In this example, x32 is declared as an int32_t, ensuring a width of 32 bits.

Minimum-width types guarantee a minimum number of bits:
- int_least8_t
- int_least16_t
- int_least32_t
- int_least64_t
- uint_least8_t
- uint_least16_t
- uint_least32_t
- uint_least64_t

These types ensure that the integer occupies at least the specified number of bits. For example, int_least8_t is guaranteed to be at least 8 bits wide.

Fastest minimum-width types ensure the fastest integer operations for a given width:
- int_fast8_t
- int_fast16_t
- int_fast32_t
- int_fast64_t
- uint_fast8_t
- uint_fast16_t
- uint_fast32_t
- uint_fast64_t

These types guarantee both the width and the fastest operation speed. For instance, int_fast8_t represents the fastest type for storing an 8-bit signed integer. On some machines, processing 32-bit integers may be faster than processing 16-bit integers, so the fastest type might be larger than 8 bits.

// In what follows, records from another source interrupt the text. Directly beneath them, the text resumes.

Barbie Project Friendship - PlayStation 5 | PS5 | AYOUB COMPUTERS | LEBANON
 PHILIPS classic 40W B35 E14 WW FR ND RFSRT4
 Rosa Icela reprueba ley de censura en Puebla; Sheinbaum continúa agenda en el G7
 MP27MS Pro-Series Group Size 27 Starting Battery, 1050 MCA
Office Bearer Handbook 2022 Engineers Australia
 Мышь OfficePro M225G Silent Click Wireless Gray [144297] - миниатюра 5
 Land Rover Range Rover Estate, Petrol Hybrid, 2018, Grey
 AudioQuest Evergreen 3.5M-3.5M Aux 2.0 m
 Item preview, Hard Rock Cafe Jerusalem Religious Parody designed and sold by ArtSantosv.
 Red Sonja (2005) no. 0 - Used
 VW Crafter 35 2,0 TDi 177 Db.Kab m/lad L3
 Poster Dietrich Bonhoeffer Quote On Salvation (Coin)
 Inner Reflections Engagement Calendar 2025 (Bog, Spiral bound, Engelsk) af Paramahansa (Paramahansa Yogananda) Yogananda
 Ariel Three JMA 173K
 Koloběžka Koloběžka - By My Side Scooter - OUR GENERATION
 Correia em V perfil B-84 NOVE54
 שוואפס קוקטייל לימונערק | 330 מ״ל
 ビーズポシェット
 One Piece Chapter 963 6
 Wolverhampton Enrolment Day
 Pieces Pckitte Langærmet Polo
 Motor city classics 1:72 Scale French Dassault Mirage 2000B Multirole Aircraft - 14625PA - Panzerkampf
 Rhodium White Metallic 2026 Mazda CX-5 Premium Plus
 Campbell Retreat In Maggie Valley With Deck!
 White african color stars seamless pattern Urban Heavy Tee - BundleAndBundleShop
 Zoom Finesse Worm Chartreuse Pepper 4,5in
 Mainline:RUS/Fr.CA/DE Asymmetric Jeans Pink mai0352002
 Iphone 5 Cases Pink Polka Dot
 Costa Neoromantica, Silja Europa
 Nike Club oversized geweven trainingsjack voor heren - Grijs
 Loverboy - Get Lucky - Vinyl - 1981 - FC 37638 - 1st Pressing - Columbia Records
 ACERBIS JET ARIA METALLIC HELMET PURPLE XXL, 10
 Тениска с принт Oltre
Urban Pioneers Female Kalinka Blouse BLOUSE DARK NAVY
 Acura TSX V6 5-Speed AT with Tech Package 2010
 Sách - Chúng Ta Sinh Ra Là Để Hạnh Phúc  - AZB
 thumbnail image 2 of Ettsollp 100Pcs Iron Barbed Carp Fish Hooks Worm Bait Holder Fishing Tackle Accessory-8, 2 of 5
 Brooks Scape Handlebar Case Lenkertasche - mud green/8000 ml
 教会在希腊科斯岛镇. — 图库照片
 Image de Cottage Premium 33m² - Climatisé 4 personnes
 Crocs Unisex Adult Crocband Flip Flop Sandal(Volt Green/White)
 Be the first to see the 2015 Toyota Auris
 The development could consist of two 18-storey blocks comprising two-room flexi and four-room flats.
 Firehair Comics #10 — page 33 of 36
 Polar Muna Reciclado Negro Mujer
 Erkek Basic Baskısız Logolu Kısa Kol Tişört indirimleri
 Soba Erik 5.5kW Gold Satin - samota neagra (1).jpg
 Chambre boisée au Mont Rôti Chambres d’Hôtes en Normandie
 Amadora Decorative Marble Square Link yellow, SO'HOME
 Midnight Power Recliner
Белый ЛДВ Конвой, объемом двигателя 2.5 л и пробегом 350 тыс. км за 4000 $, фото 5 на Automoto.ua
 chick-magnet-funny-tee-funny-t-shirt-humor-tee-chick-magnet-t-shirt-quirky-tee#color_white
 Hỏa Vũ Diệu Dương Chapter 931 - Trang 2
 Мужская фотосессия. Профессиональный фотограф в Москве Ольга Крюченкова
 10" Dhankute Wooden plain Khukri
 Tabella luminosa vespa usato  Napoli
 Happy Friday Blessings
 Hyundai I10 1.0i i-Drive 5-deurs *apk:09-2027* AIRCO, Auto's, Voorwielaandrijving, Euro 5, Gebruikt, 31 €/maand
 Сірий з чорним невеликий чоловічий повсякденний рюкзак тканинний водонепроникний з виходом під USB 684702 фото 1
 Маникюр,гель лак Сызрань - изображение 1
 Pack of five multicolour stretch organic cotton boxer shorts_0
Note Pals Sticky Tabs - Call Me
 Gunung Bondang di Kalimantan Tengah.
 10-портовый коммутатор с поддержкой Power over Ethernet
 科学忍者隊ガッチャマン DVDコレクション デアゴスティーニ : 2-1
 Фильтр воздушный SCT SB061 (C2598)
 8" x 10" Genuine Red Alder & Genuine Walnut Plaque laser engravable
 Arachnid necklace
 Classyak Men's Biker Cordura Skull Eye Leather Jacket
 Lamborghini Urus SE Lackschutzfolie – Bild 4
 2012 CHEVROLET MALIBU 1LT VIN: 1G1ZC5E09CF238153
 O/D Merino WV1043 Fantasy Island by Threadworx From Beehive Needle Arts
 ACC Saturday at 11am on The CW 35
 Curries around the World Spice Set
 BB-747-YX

Pointer-sized integer types store pointers as integers:
- intptr_t: A signed integer capable of holding a pointer (memory address).
- uintptr_t: An unsigned integer capable of holding a pointer.

Maximum-width integer types store the largest possible integers:
- intmax_t: Can store any valid signed integer.
- uintmax_t: Can store any valid unsigned integer.

These types can store larger integers than long long and unsigned long.